Y adapters are about the only way you can acheive the results you want if i understand your question correctly.:T


----------



## Gregr (Nov 2, 2010)

Hi Righta,

If you can make up a cable yourself the answer is two lines from the single RCA out, running equal distance to your subs at the sub split to two RCA's

OR: buy the best "Y" cable - single RCA to an RCA on each Y end. Now depending on how long the "Y" is you will need a interconnect extension Male RCA on one end and Female RCA on the other/or Female RCA at each end of extension. Then another "Y" with appropriate RCA's to attach to extensions.
But the above has too many connections for my liking and the low level signal may need help.

OR: The best way will be to run your single cable "Out" to an amp of your choice and then Left Right out to your subs. Now the question of volume controls...,
But I think we have nearly spent the cost of a comparable AVR with 7.2 setup, if you go this direction.

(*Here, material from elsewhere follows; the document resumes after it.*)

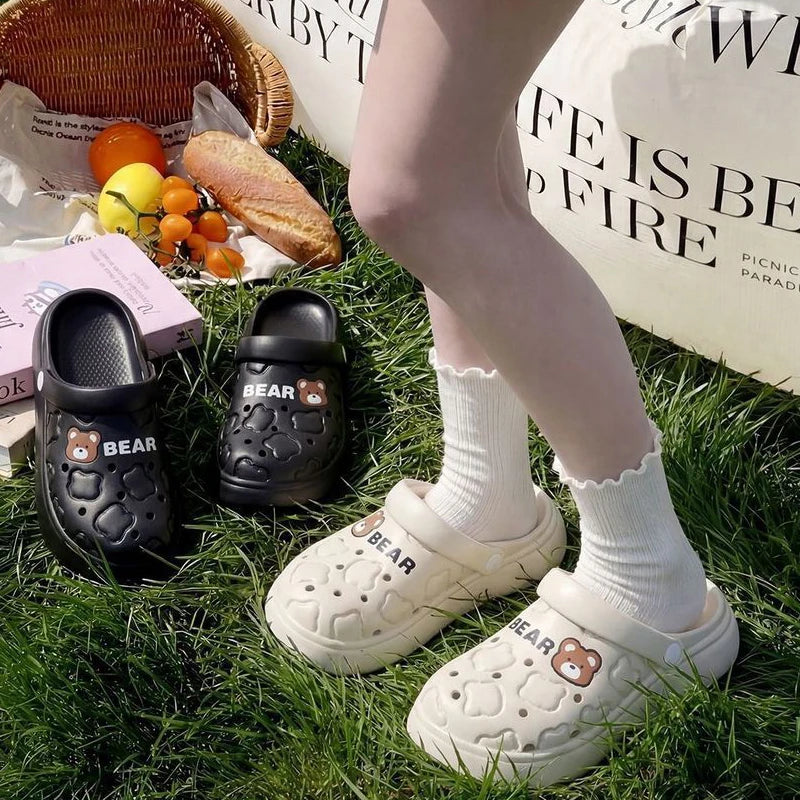 Women's Fashion Home Slippers Summer Thick Sole Soft EVA Garden Shoes for Women Hollow Out Non Slip Closed Toe Beach Sandals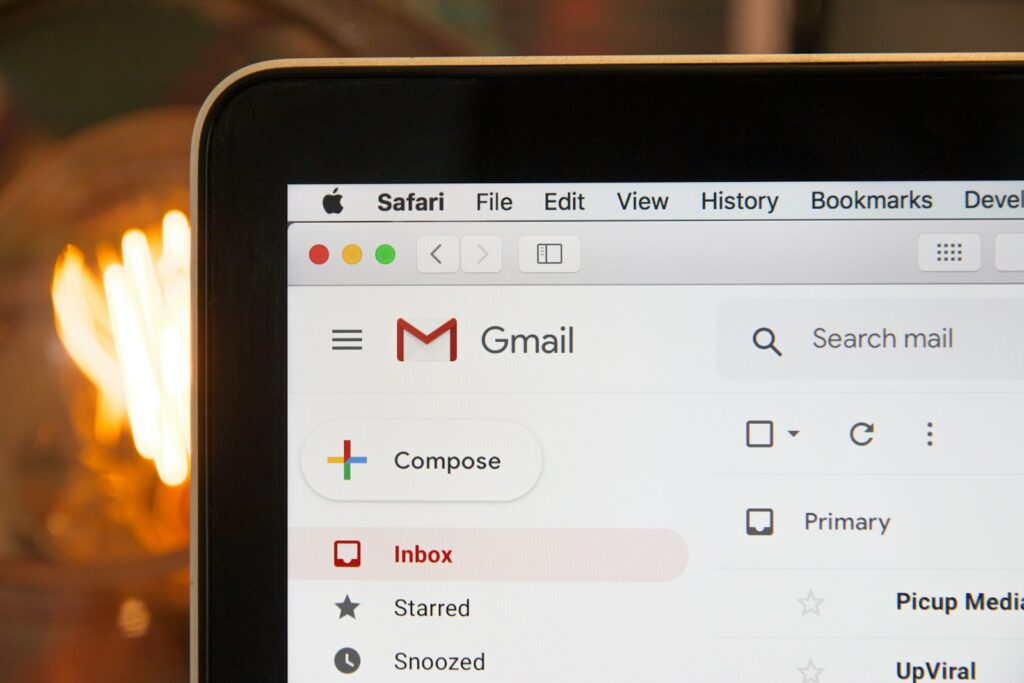 E-Mail-Archivierung: Mitarbeiterin verwaltet geschäftliche E-Mails am Laptop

Its a jury rig unless you buy the NEW AVR or correct low level boost amp (without control attenuation).


----------



## gdstupak (Jul 13, 2010)

Many subwoofers will have a left and right RCA input. 
But with most of those subs, they will accept a mono signal which only uses one of the two RCA inputs. Check your sub's owners manual or check the labeling on the sub's input jacks.
This way you would only need 1 RCA cable for 1 sub.
Or for 2 subs, you would use one Y splitter (like the one you already have) to send mono signals to each of the 2 subs.


----------



## rightaway (Oct 2, 2011)

is there a draw back to running mono? i heard some subs dont sound right with only one rca in. i have a klh sub now and looking to buy a Velodyne


----------